Обличив меня в глумлении над народом, г. рецензент объясняет и причину этого глумления. Эта причина – недостаток «юмора». Юмор же рецензент определяет следующим образом: он, «не жертвуя малым великому, великое низводит до малого, а малое возвышает до великого»; следовательно главные элементы этого явления суть: великодушие, доброта и сострадание. Если это определение верно, то мне действительно остается признать себя виноватым. Но я положительно утверждаю, что оно неверно и что искусство точно так же, как и наука, оценивает жизненные явления единственно по их внутренней стоимости, без всякого участия великодушия или сострадания. Если б это было не так, то произошло бы нечто изумительное. Во-первых, люди не знали бы, что в написанной художником картине действительно верно, и что смягчено, или скрыто, или прибавлено под влиянием великодушия. Во-вторых, тогда пришлось бы простирать руки не только подначальным глуповцам, но и Прыщам и Угрюм-Бурчеевым, всем говорить (как это советует мне рецензент): «придите ко мне все труждающиеся и обремененные», потому что ведь тут все обременены историей: и начальники и подначальные.

<…>

А.П. Чехов Письмо А.Н. Плещееву

<…>

Мне жаль Салтыкова1. Это была крепкая, сильная голова. Тот сволочной дух, который живет в мелком, измошенничавшемся душевно русском интеллигенте, потерял в нем самого упрямого и назойливого врага. Обличать умеет каждый газетчик, издеваться умеет и Буренин2, но открыто презирать умел только Салтыков. Две трети читателей не любили его, но верили ему все. Никто не сомневался в искренности его презрения.

<…>

Примечания

1 Письмо написано в связи со смертью М.Е. Салтыкова-Щедрина.

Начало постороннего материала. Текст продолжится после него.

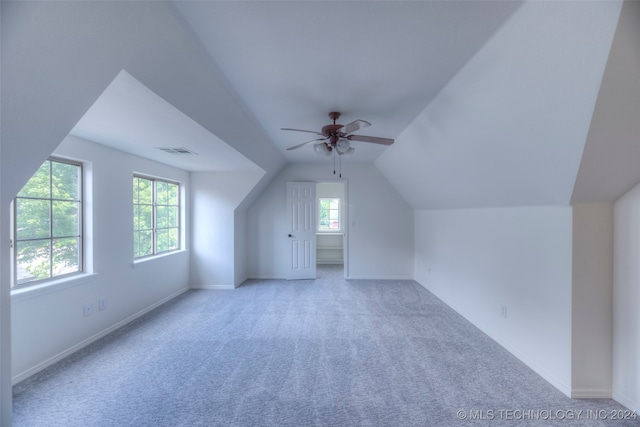 bonus room featuring ceiling fan, light carpet, and vaulted ceiling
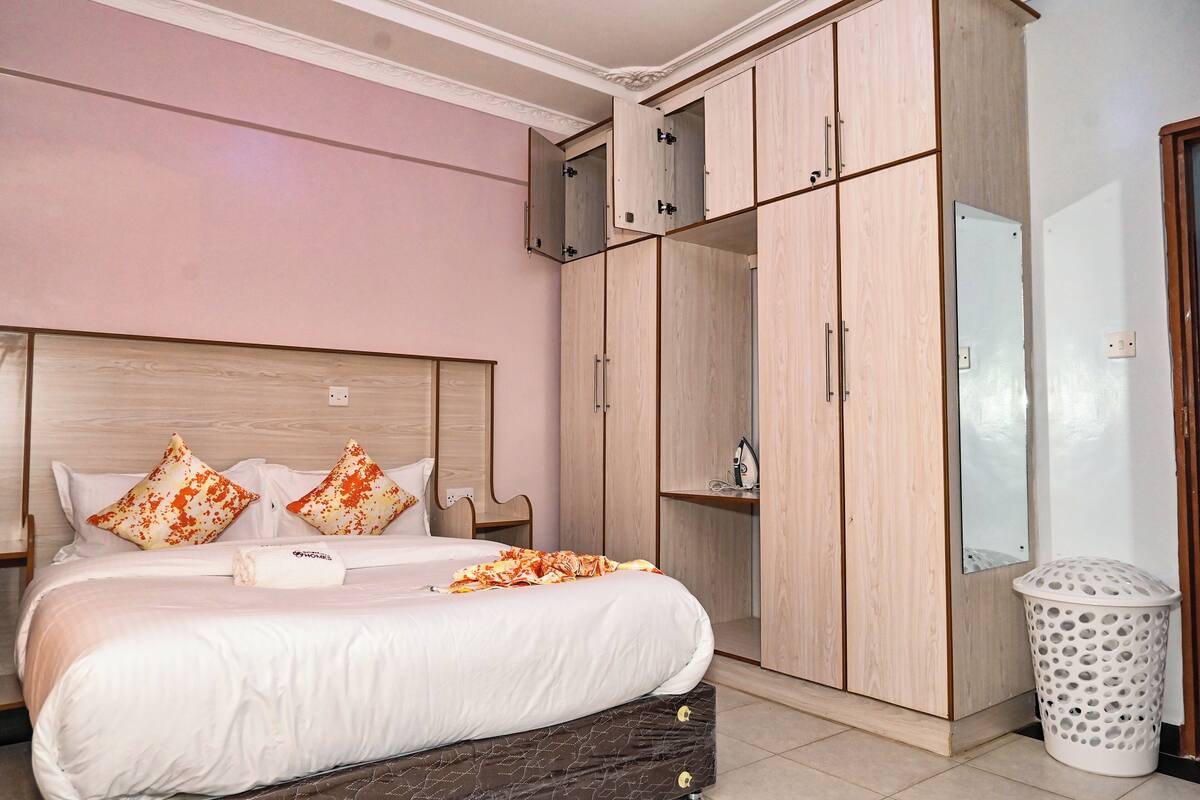 Ein Schlafzimmer mit Bett, Kleiderschrank, Spiegel und Mülleimer.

2 В.П. Буренин – второстепенный русский журналист конца XIX – начала XX вв., «прославившийся» исключительно бесцеремонным отношением к писателям, общественным деятелям и т. п.

Творчество Ф.М. Достоевского

Достоевский – один из наиболее интересных, спорных и даже загадочных писателей в русской литературе. Каждый читатель, каждый критик видят в нем разные грани, делают акцент на разных сторонах его таланта. Поэтому в этом разделе мы постарались дать как можно больше суждений о творчестве этого великого русского писателя.

Но вначале следует обратить внимание на высказывания самого Достоевского о собственном творчестве. В конце творческого пути, незадолго до смерти он определяет как главный принцип «найти в человеке человека». Это – выражение своеобразного гуманизма Достоевского, его уверенности, что в любом, даже самом плохом человеке есть «искра Божия». Конспективное изложение замысла романа «Преступление и наказание» в письме к М.Н. Каткову поможет разобраться в идейной позиции Достоевского в этом романе, а также в особенностях философско – нравственной проблематики.

Одним из первых откликов на «Преступление и наказание» была статья Д.И. Писарева, разночинско-демократического критика, с которым вы уже знакомы по его статьям о творчестве Островского и Тургенева. Писарев, конечно, понял основной замысел Достоевского – дать картину преступления «философского», убийства «по теории», однако поставил своей задачей полемику с таким объяснением преступления. На протяжении всей статьи Писарев стремиться доказать (где более, где менее успешно), что преступление Раскольникова вызвано чисто материальными причинами, и в первую очередь бедностью. По мысли Писарева, преступление Раскольникова порождено тем, что «среда заела». Такая трактовка была, разумеется, прямо противоположна идее Достоевского.

Совсем иную, очень интересную интерпретацию дает роману «Преступление и наказание» И.Ф. Анненский. Его статья весьма сложна, поэтому обращаться к ней следует лишь тогда, когда сам роман основательно проработан. Анненский показывает, как определенные художественные идеи (смирение, жертвенность, страдание, требование счастья и др.) связываются с образами героев романа и какую сложную композиционную структуру приобретает поэтому роман Достоевского. Связи между персонажами неоднородны: имеет место своеобразное «двойничество»? логическая и внелогическая связь, противопоставление и т. п., что проиллюстрировано графической схемой. Кроме того, в статье Анненского важно обратить внимание на общую оценку «Преступления и наказания» как идеологического романа, причем, в отличие от более поздних произведений Достоевского, автор выступает здесь еще не как проповедник, но как художник.